I am very new to the finite element field, and I want to try to solve the a variant of the fokker-plank equation with periodic boundary conditions. To do this, I need to find a way to impose an actual concentration in the system. Since I have a Robin boundary condition (no flux) at the surface of an inner wall, but periodic everywhere else, the problem does not have a unique solution. I’d like to impose some type of constraint that makes the integral over all space equal a constant or something like that to impose a unique solution. From my reading, it seems like the way to do that is through a lagrange multiplier, but I am not sure how to implement that in FreeFEM++.

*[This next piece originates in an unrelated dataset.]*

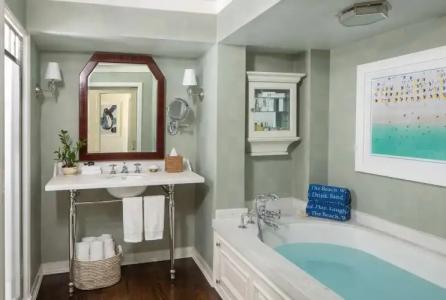 Shutters on the Beach - 8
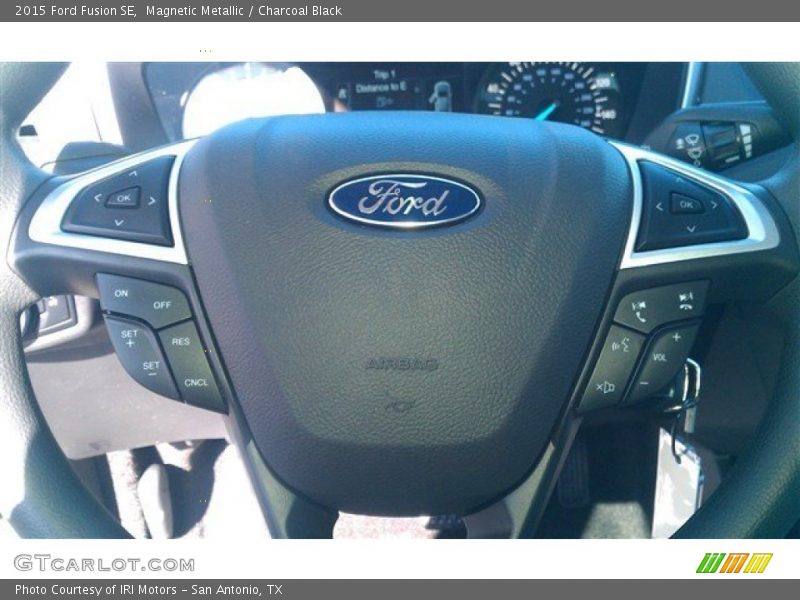Magnetic Metallic / Charcoal Black 2015 Ford Fusion SE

For Example, here is how I would write and solve my equations when I had a neumann and a dirichlet boundary conditions and so it was unique (I still was periodic on just the z direction.)
fespace Vh(Th3 , P1, periodic=[[5,x,y],[6,x,y]]); Vh u, v // probability and test function. problem FPeqn(prob3d,testfunc3d) = int3d(Th3)( "bilinear term") + int3d(Th3)("linear term") + int2d(Th3,innerlabel)("robin boundary term") // Robin BC + on(outerlabel, v = 1/(2*pi)) // Dirichlet BC ; FPeqn
But from the brief example they have on the documentation https://doc.freefem.org/examples/finite-element.html#examplelagrangemultipliers , the way that they solve an equation with Lagrange Multipliers is very different than what I am used to. They use "varf"s instead of “problem” and they also make a block matrix.
I guess my question is, what is this block of code that they have. And how would I go about building that for a 3d system?
// Parameters func f = 1 + x - y; // Mesh mesh Th = square(10, 10); // Fespace fespace Vh(Th, P1); int n = Vh.ndof; int n1 = n+1; Vh uh, vh; // Problem varf va (uh, vh) = int2d(Th)( dx(uh)*dx(vh) + dy(uh)*dy(vh) ) ; varf vL (uh, vh) = int2d(Th)(f*vh); varf vb (uh, vh) = int2d(Th)(1.*vh); matrix A = va(Vh, Vh); real[int] b = vL(0, Vh); real[int] B = vb(0, Vh); // Block matrix matrix AA = [ [ A, B ], [ B', 0 ] ]; set(AA, solver=sparsesolver); real[int] bb(n+1), xx(n+1), b1(1), l(1); b1 = 0; // Builds the right hand side block bb = [b, b1]; // Solve xx = AA^-1 * bb; // Set values [uh,l] = xx; // Display cout << " l = " << l(0) << " , b(u, 1) =" << B'*uh << endl;